All public schools to have a nursery - government

Monday February 23 2015

Dr Tony Lusambu, the assistant commissioner

Dr Tony Lusambu, the assistant commissioner primary, says continued reports showing majority of Primary Three pupils failing to grasp literacy and numeracy skills is forcing the ministry’s technical team to propose to government that every primary school starts a nursery section 

By PATIENCE AHIMBISIBWE

Kampala- The Ministry of Education has proposed that all public primary schools have a nursery section to improve numeracy and literacy skills in primary-going children.

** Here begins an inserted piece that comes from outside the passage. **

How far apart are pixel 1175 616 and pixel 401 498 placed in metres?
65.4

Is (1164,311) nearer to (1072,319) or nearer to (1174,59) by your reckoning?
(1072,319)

Assistant commissioner primary, Dr Tony Lusambu, said in an interview that continued reports showing majority of Primary Three pupils failing to grasp literacy and numeracy skills is forcing the ministry’s technical team to propose to government that every primary school have a nursery section attached to it.

Findings from government’s National Assessment of Progress in Education (NAPE 2012) report showed that Primary Six pupils from 68 per cent of the districts surveyed did not know enough numeracy for their level.

Literacy skills in English language were worse, as the report records 75 per cent of the districts failing to acquire the required proficiency rate of 50 per cent at the same level.

Another survey by Uwezo, Annual Learning Assessment Report 2010, showed that 98 per cent of Primary Three pupils sampled could not read a Primary Two level text. Such findings are some of the reasons the ministry wants public schools to have nursery sections.

“We have proposed to government that every primary school gets a nursery. I know it will take some time. We might phase it and we are likely to start with remote areas. We have already drawn the plan and are waiting for funds,” Dr Lusambu said.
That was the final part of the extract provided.